BACKGROUND OF THE INVENTION

1. Field of the Invention

The present invention relates to a fuel injection valve and a method of manufacturing the same.

2. Description of the Related Art

JP-A-5-288130 discloses a fuel injection valve which is composed of a unit member made of magnetic material having a fuel connector and a cylindrical core, an intermediate pipe soldered or welded to the bottom of the core and a valve body soldered or welded to the bottom of the intermediate pipe.

In order to introduce high pressure fuel inside the fuel connector, the cylindrical core and tile valve body, the soldering or welding is indispensable in the above structure.

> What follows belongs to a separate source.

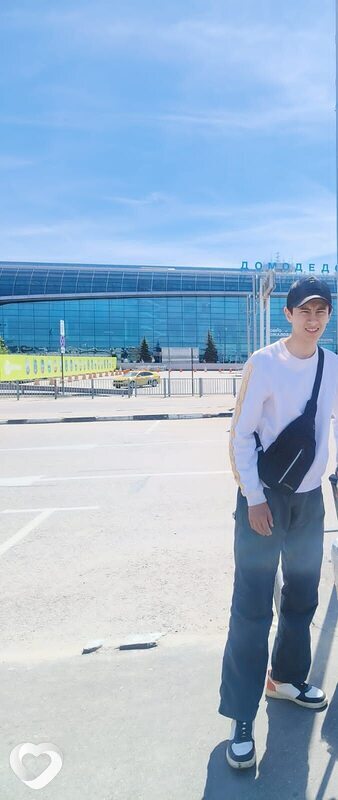 Samir, 19, Костроме — анкета №3868737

However, when the fuel connector and the intermediate pipe are soldered or welded, they may be out of alignment due to high temperature of the soldering or welding. This may cause inaccurate fuel injection.

SUMMARY OF THE INVENTION

Therefore, a main object of the present invention is to provide an improved injection valve which can be manufactured using fewer steps at a lower production cost. The improved injection valve can inject fuel more accurately.

According to a main feature of the present invention, a fuel injection valve has a single pipe member made of composite magnetic material a magnetic fuel connector, a non-magnetic intermediate pipe and a magnetic valve body are formed integrally in the single pipe.

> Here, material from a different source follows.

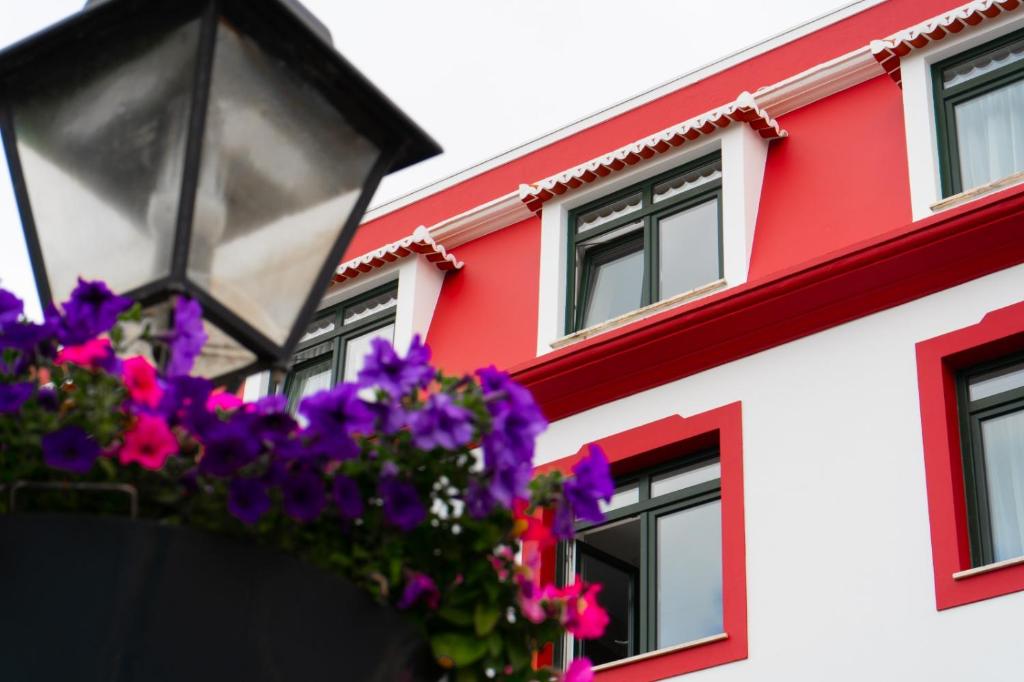 Hotel Monte Brasil - Resim 11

A magnetic stationary core may be integrated into the pipe member. In this case, a non-magnetized structure is formed to divide the magnetic structure, thereby providing a solid gap. The valve seat may be formed integrally with the valve body.

According to another feature of the present invention, the fuel connector has an inner diameter which is equal to or larger than an inner diameter of the intermediate pipe. Therefore, the needle valve, the movable core, the stationary core, etc. can be inserted into the pipe one after another, and the manufacturing steps are very simple.

According to another feature of the present invention, the fuel connector, the stationary core and the intermediate pipe are made of composite magnetic material. The fuel connector is magnetized and the intermediate pipe is non-magnetised to magnetically insulate the fuel connector from the valve body.

According to another feature of the present invention, a method of manufacturing the fuel injection valve comprises a step of fixing the needle valve to the movable core, inserting the movable core with the needle valve into the inside the single pipe member, inserting subsequently the stationary core into the inside of the single pipe member; and fixing the solenoid on an outer periphery of the single pipe member.

BRIEF DESCRIPTION OF THE DRAWINGS

Other objects, features and characteristics of the present invention as well as the functions of related parts of the present invention will become clear from a study of the following detailed description, the appended claims and the drawings. In the drawings:

FIG. 1 is a cross-sectional view illustrating a fuel injection valve according to a first embodiment of the present invention;

FIG. 2 is a cross-sectional view of the valve illustrated in FIG. 1 cut along a line II--II;

FIG. 3 is an enlarged cross-sectional view illustrating a portion of a fuel injection valve according to a second embodiment of the present invention;

FIG. 4 is a cross-sectional view illustrating a fuel injection valve according to a third embodiment of the present invention;

FIG. 5 is a cross-sectional view illustrating a fuel injection valve according to a fourth embodiment of the present invention;

FIG. 6 is an exploded view illustrating a pipe and parts thereof assembled thereto;

FIG. 7 is an exploded view illustrating the pipe and parts assembled thereto;

FIG. 8 is a cross-sectional view illustrating a fuel injection valve according to a fifth embodiment of the present invention;

FIG. 9 is a cross-sectional view illustrating a fuel injection valve according to a sixth embodiment of the present invention; and

FIG. 10 is a cross-sectional view illustrating a fuel injection valve according to a seventh embodiment of the present invention.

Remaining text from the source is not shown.